An example of MUSCL type left and right state linear-extrapolation.

MUSCL based numerical schemes extend the idea of using a linear piecewise approximation to each cell by using slope limited left and right extrapolated states. This results in the following high resolution, TVD discretisation scheme,

[math]\displaystyle{ \frac{\mathrm{d} u_i}{\mathrm{d} t} + \frac{1}{\Delta x_i} \left[ F \left( u^*_{i + 1/2} \right) - F \left( u^*_{i - 1/2} \right) \right] =0. }[/math]

Which, alternatively, can be written in the more succinct form,

[math]\displaystyle{ \frac{\mathrm{d} u_i}{\mathrm{d} t} + \frac{1}{\Delta x_i} \left[ F^*_{i + 1/2} - F^*_{i - 1/2} \right] =0. }[/math]

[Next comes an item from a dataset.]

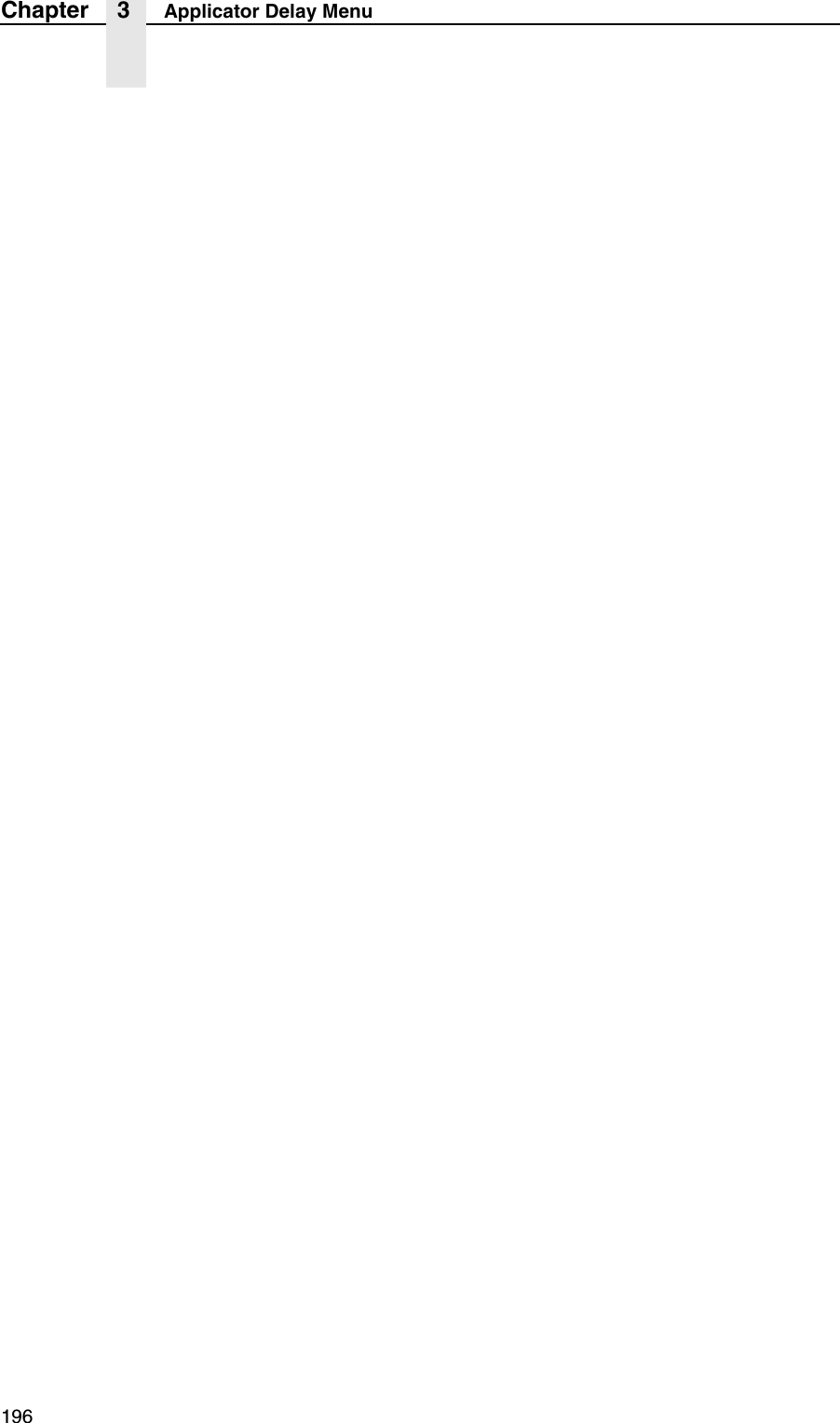 196Chapter 3 Applicator Delay Menu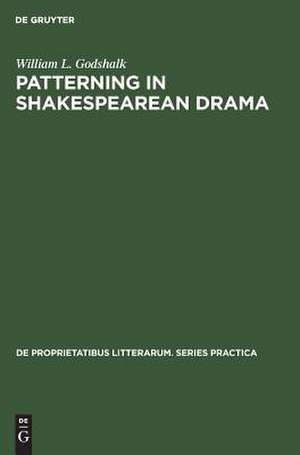 Patterning in Shakespearean Drama: Essays in Criticism de William L. Godshalk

The numerical fluxes [math]\displaystyle{ F^*_{i \pm 1/2} }[/math] correspond to a nonlinear combination of first and second-order approximations to the continuous flux function.

The symbols [math]\displaystyle{ u^*_{i + 1/2} }[/math] and [math]\displaystyle{ u^*_{i - 1/2} }[/math] represent scheme dependent functions (of the limited extrapolated cell edge variables), i.e.,

[math]\displaystyle{ u^*_{i + 1/2} = u^*_{i + 1/2} \left( u^L_{i + 1/2} , u^R_{i + 1/2} \right), u^*_{i - 1/2} = u^*_{i - 1/2} \left( u^L_{i - 1/2} , u^R_{i - 1/2} \right), }[/math]

where, using downwind slopes:

[math]\displaystyle{ u^L_{i + 1/2} = u_{i} + 0.5 \phi \left( r_i \right) \left( u_{i+1} - u_{i} \right), u^R_{i + 1/2} = u_{i+1} - 0.5 \phi \left( r_{i+1} \right) \left( u_{i+2} - u_{i+1} \right), }[/math]
[math]\displaystyle{ u^L_{i - 1/2} = u_{i-1} + 0.5 \phi \left( r_{i-1} \right) \left( u_{i} - u_{i-1} \right), u^R_{i - 1/2} = u_i - 0.5 \phi \left( r_i \right) \left( u_{i+1} - u_i \right), }[/math]

and

[math]\displaystyle{ r_{i} = \frac{u_i - u_{i-1}}{u_{i+1} - u_i}. }[/math]

The function [math]\displaystyle{ \phi \left( r_i \right) }[/math] is a limiter function that limits the slope of the piecewise approximations to ensure the solution is TVD, thereby avoiding the spurious oscillations that would otherwise occur around discontinuities or shocks - see Flux limiter section. The limiter is equal to zero when [math]\displaystyle{ r \le 0 }[/math] and is equal to unity when [math]\displaystyle{ r = 1 }[/math]. Thus, the accuracy of a TVD discretization degrades to first order at local extrema, but tends to second order over smooth parts of the domain.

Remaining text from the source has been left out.